イギリス議会で『EU 離脱協定案』の審議が始まるも、可決の見通しは低い状況

 NHK によりますと、EU との離脱協定案に合意したイギリス・メイ首相が議会の承認を得るための審議を開始したとのことです。

 ただ、イギリスにとっては不利な内容の離脱協定案であり、議会の承認を得ることは難しいと言わざるを得ないでしょう。なぜなら、「与党を上回る離脱者を野党から出させること」が条件になるからです。

 

 イギリスとEUは、アイルランドとの国境問題などEUからの離脱の条件を定めた離脱協定案について先月合意し、それぞれの議会で承認を得ることになっています。

 (中略)

 メイ首相はEUと合意した離脱協定案について「国民投票で示された国民の意思を実現させるものだ」として支持を呼びかけています。
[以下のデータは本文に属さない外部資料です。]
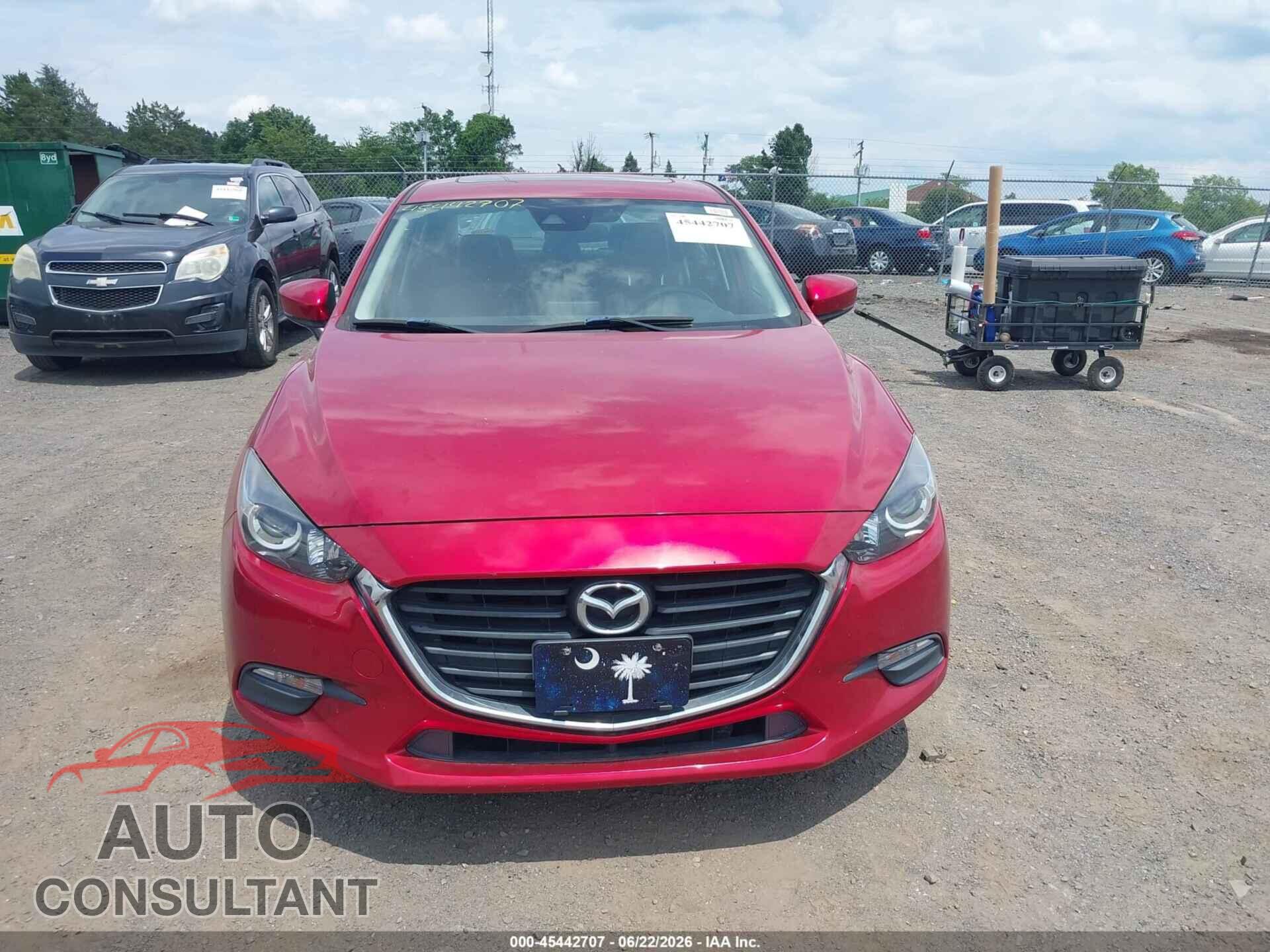 MAZDA MAZDA3 2018 - 3MZBN1V30JM169756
 しかし、野党・労働党の議員に加えて、与党からも合意の内容に対する反対の声は根強く、議会の承認を得られるかどうか、不透明な情勢です。

 審議は合わせて5日間行われ、今月11日に採決が行われる予定です。

 

“離脱反対派” は『離脱協定案』に反対する

 EU 離脱問題で厄介なのは「離脱反対派」と「離脱賛成派」の双方が『離脱協定案』に反対することでしょう。

  • 離脱反対派:離脱協定案が可決されると「離脱」が決定するため、『反対』する
  • 離脱賛成派:離脱条件が割に合わないことを理由に『反対』する可能性あり

 イギリス政府が EU と合意した『離脱協定案』は離脱賛成派が「割に合わない」と感じるものであり、与党・保守党の内部からも反対意見が噴出しているのです。

 また、保守党は少数与党であり、議会で過半数を保持していません。『離脱協定案』を可決するには「保守党に所属していない議員を切り崩すこと」が不可欠なのですが、与党内からの造反でハードルが高くなっている状況と言えるでしょう。

 

野党・労働党の議員から『離脱協定案』への賛同を得ることは簡単ではない

 メイ首相は『離脱協定案』を可決させるためには「労働党を始めとする野党議員から賛同者を多数得ること」が欠かせません。ただ、野党議員には『離脱協定案』に積極的に賛同する意味がないのです。

 まず離脱反対派は迷わず「反対」することでしょう。『離脱協定案』が成立すれば離脱が正式に決定してしまいますし、「離脱通知の一方的な撤回は可能」と EU 司法裁判所の法務官が示しています。

 したがって、「『離脱協定案』をイギリス議会で否決し、『離脱通知』を一方的に撤回する」との戦術を採ることが離脱反対派にとって合理的であり、鞍替えする可能性は低いと考えられます。

 次に、野党に所属する離脱賛成派も『離脱協定案』には「反対」することでしょう。こちらは「メイ首相に手柄をプレゼントする必要がない」ことが大きな理由です。

 また、『離脱協定案』の内容がイギリスにとって不利なものになっています。そのため、「国益に反している」と正面から批判できますし、それが有権者へのアピールになる訳ですから妥協をする価値がないのです。

 

「ハード・ブレグジット (= 合意なしの離脱)」か「EU 残留」の『二者択一』になる可能性大

 『離脱協定案』が成立することは「ソフト・ブレグジット(= 合意ありの離脱)」になる訳ですが、そうなる可能性は現時点では非常に低い状況です。

 連立パートナーの民主統一党は全員が反対するでしょうし、保守党に所属する議員も一定の造反が見込まれます。野党議員には切り崩し工作に応じるメリットが乏しく、『メイ首相が取りまとめた離脱協定案』を支持する理由にはなりません。

 その結果、「ハード・ブレグジット (= 合意なしの離脱)」か「離脱通知撤回による EU 残留」のどちらかを選択することを迫られることになると考えられます。

 採決は11日に行われる予定とのことですが、1週間で野党議員を切り崩すことはかなり難しいと言えるでしょう。メイ首相の立場はドイツ・メルケル首相と同様に厳しい状況に追い込まれると言えるのではないでしょうか。